**Instructions for the task**
Restate word for word the entries below, starting at the line with "Los Robles Apart" and ending at the line with "Providence, Rhode Island, Union". Keep both end lines and omit the pictures.

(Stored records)
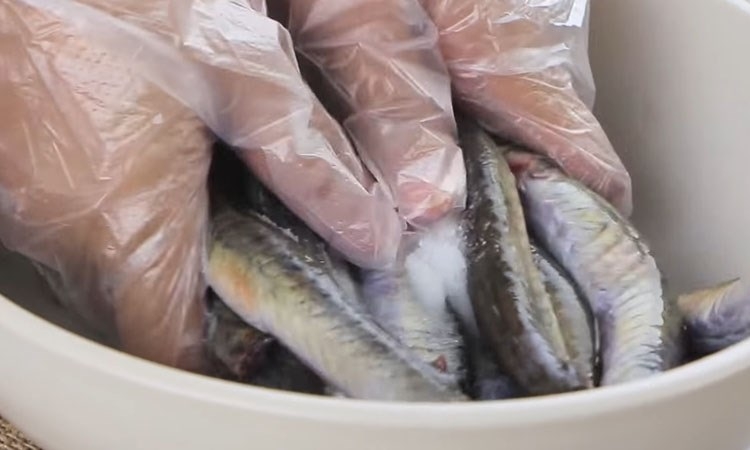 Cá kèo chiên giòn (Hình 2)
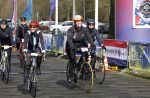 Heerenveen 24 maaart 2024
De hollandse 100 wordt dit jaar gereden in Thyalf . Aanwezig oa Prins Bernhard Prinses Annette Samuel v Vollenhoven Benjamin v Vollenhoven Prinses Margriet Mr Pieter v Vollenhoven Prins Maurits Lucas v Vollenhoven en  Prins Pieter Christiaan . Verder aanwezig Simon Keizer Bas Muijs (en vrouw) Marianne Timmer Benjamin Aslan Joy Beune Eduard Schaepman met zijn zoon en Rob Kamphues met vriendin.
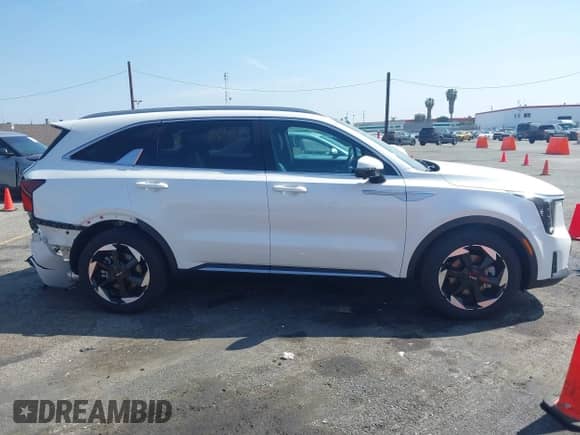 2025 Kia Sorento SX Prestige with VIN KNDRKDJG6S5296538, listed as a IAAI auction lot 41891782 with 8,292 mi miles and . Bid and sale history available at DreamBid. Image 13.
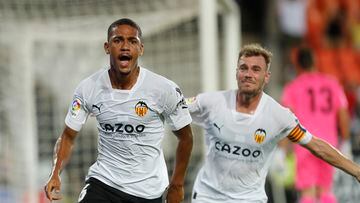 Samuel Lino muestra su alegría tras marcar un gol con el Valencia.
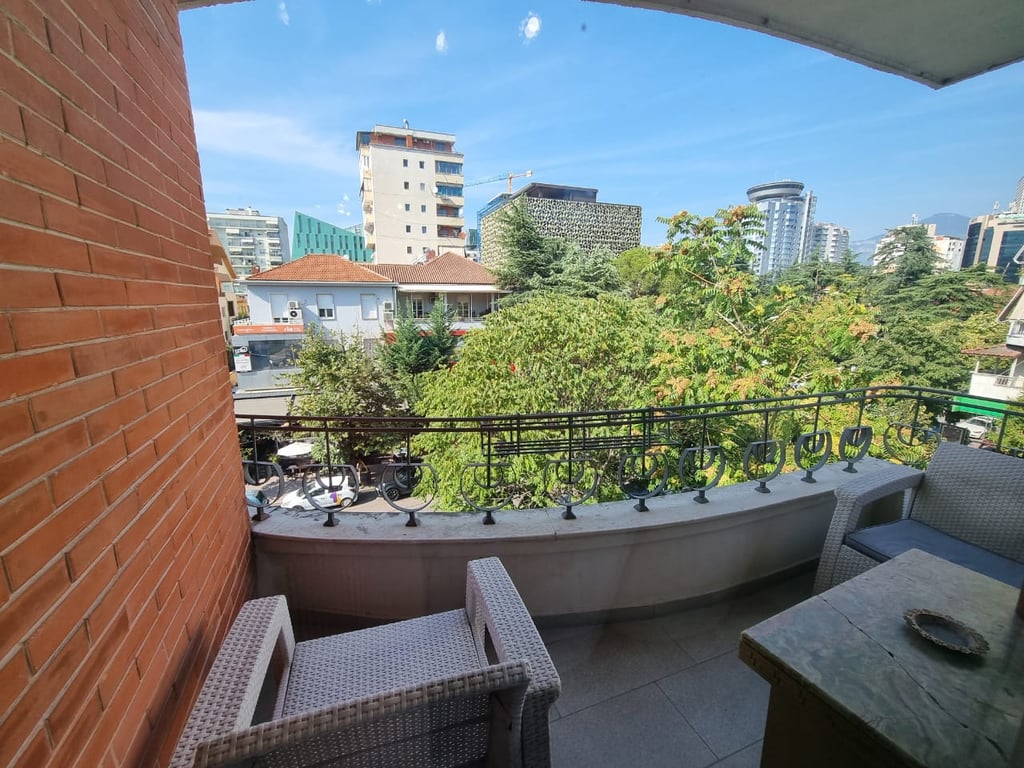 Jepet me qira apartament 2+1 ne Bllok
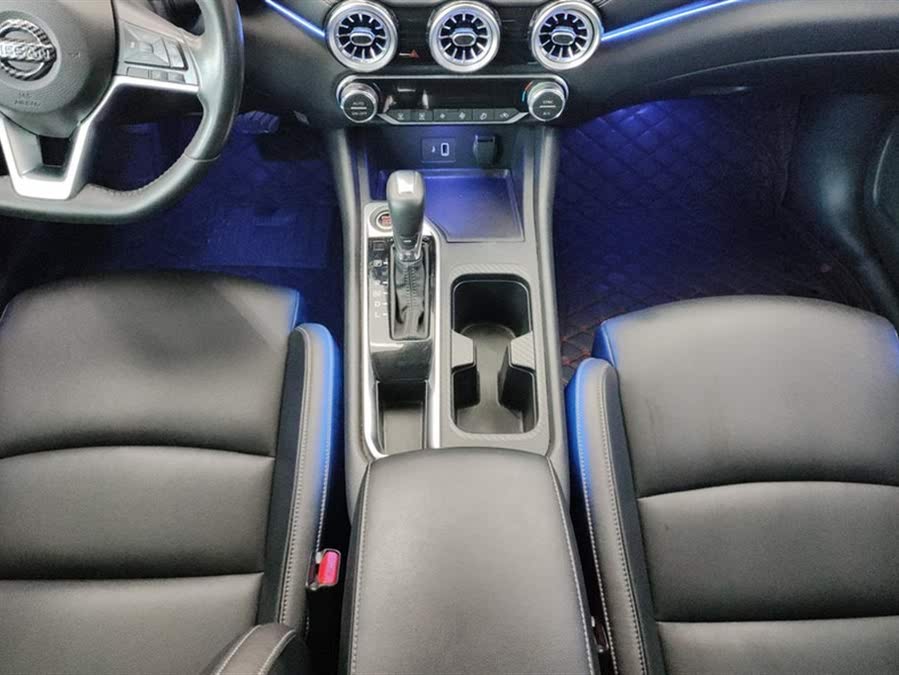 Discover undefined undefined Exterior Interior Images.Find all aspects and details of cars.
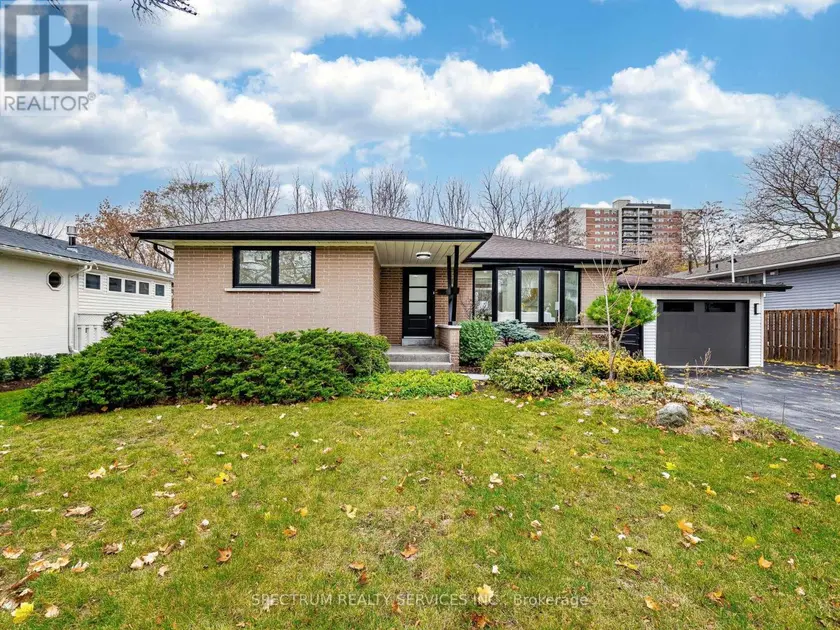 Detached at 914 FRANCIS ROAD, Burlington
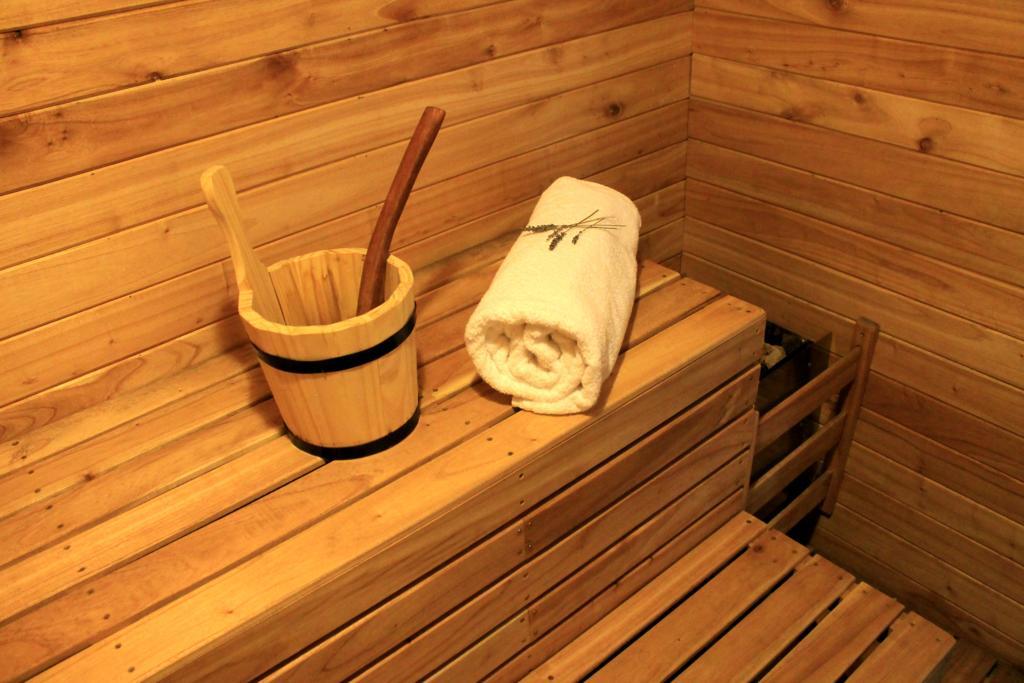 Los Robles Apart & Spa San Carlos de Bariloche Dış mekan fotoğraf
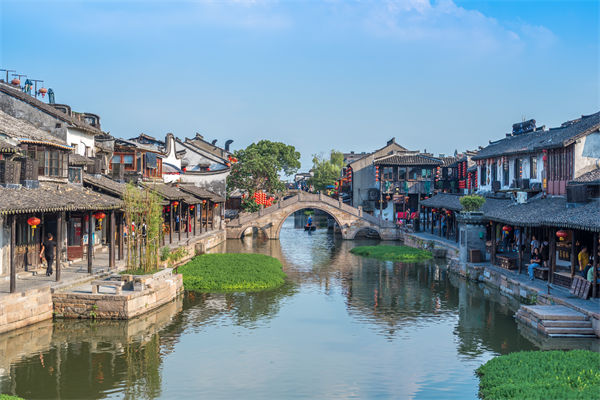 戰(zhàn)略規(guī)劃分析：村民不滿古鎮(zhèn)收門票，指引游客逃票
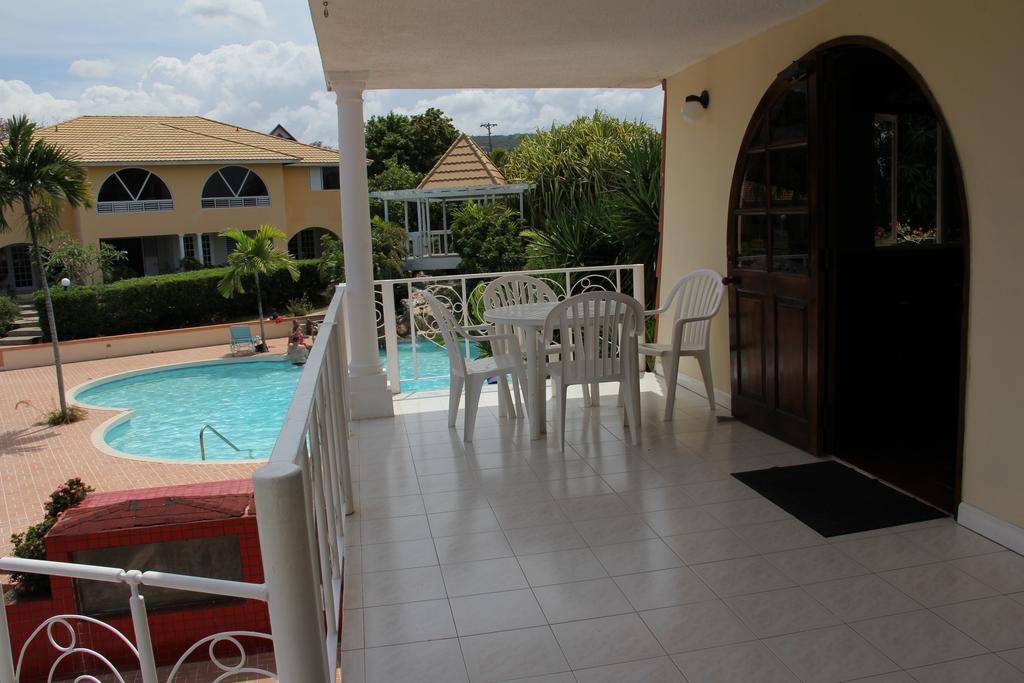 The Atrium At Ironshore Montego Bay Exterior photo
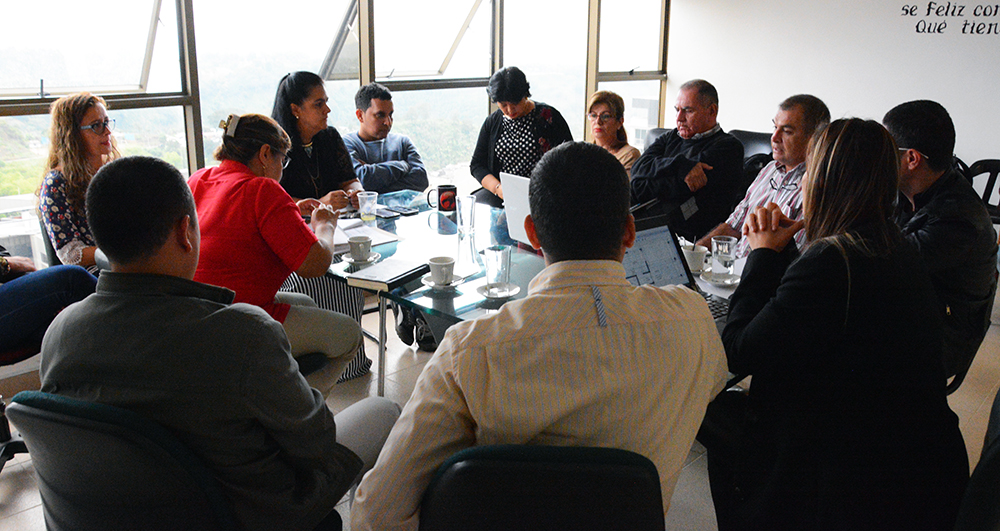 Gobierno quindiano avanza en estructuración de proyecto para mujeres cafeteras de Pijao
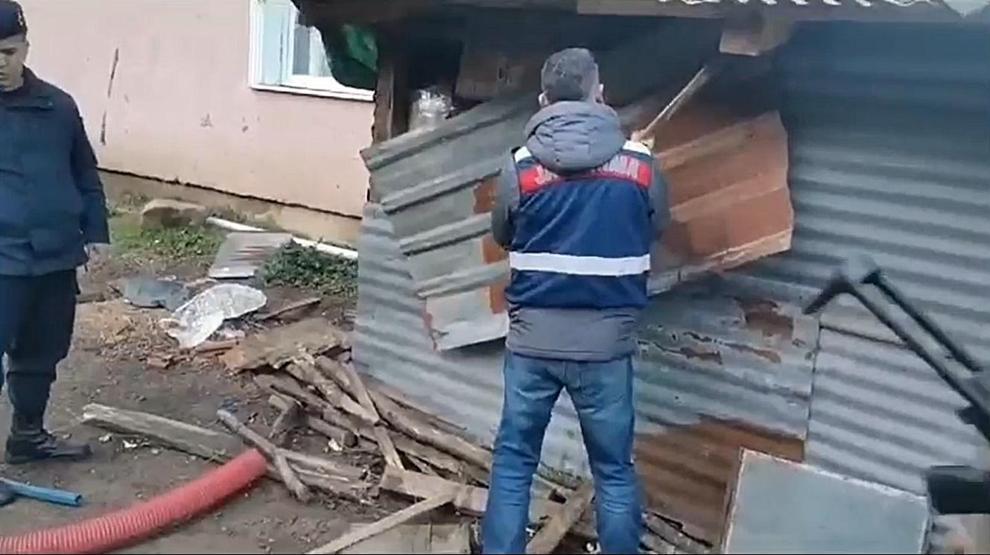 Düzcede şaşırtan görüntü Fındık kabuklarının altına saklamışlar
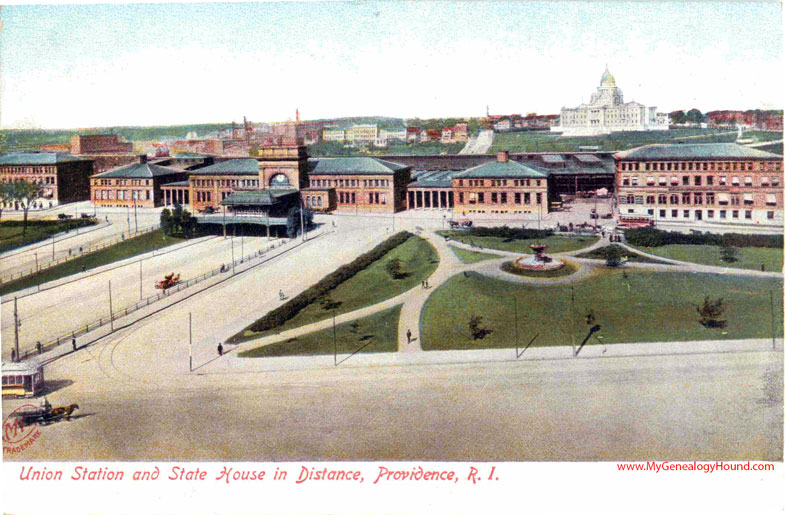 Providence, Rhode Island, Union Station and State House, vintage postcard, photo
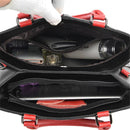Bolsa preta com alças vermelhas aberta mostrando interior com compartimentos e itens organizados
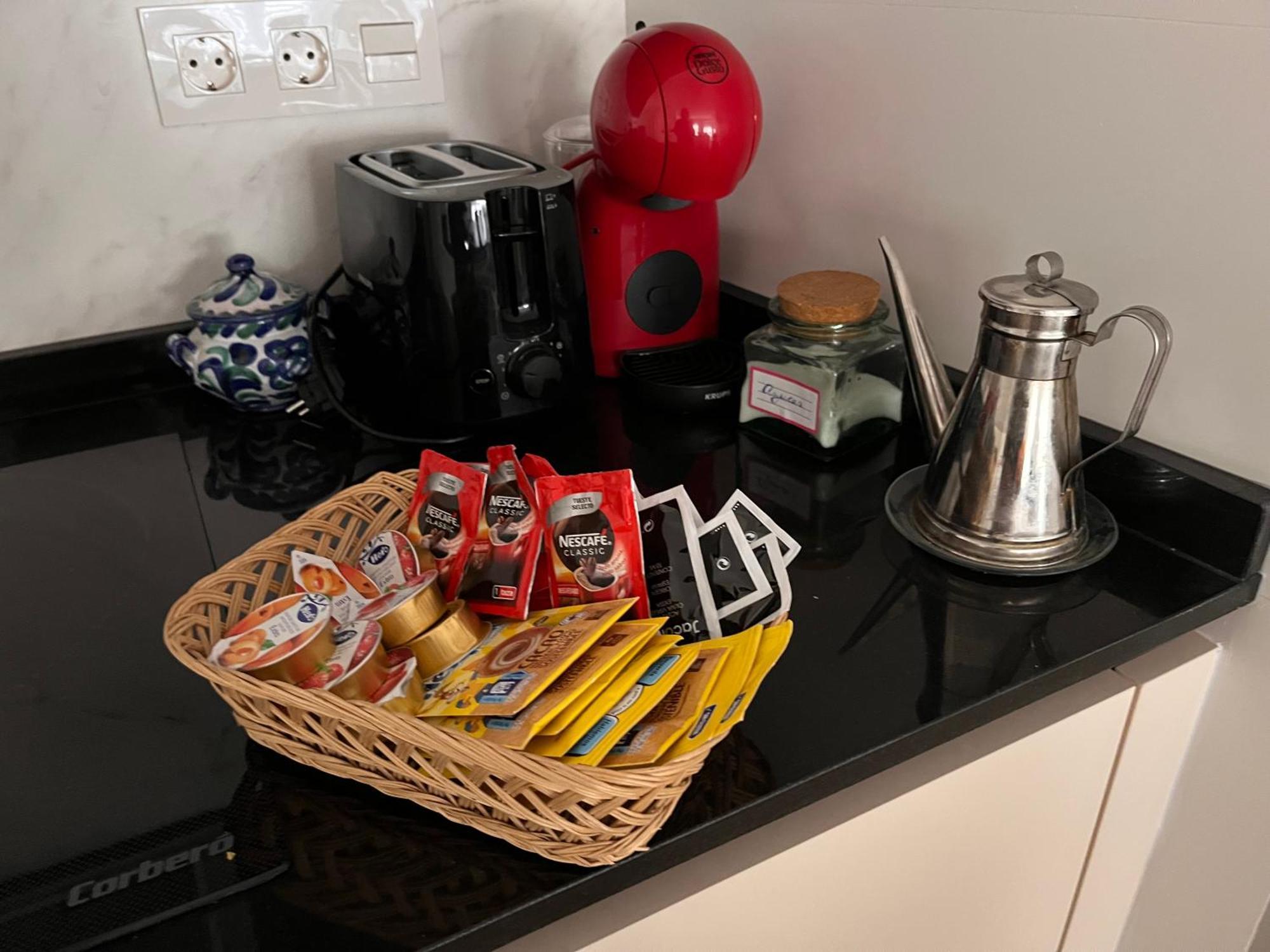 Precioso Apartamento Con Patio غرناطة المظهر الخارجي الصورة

**Solution**
 Los Robles Apart & Spa San Carlos de Bariloche Dış mekan fotoğraf
 戰(zhàn)略規(guī)劃分析：村民不滿古鎮(zhèn)收門票，指引游客逃票
 The Atrium At Ironshore Montego Bay Exterior photo
 Gobierno quindiano avanza en estructuración de proyecto para mujeres cafeteras de Pijao
 Düzcede şaşırtan görüntü Fındık kabuklarının altına saklamışlar
 Providence, Rhode Island, Union Station and State House, vintage postcard, photo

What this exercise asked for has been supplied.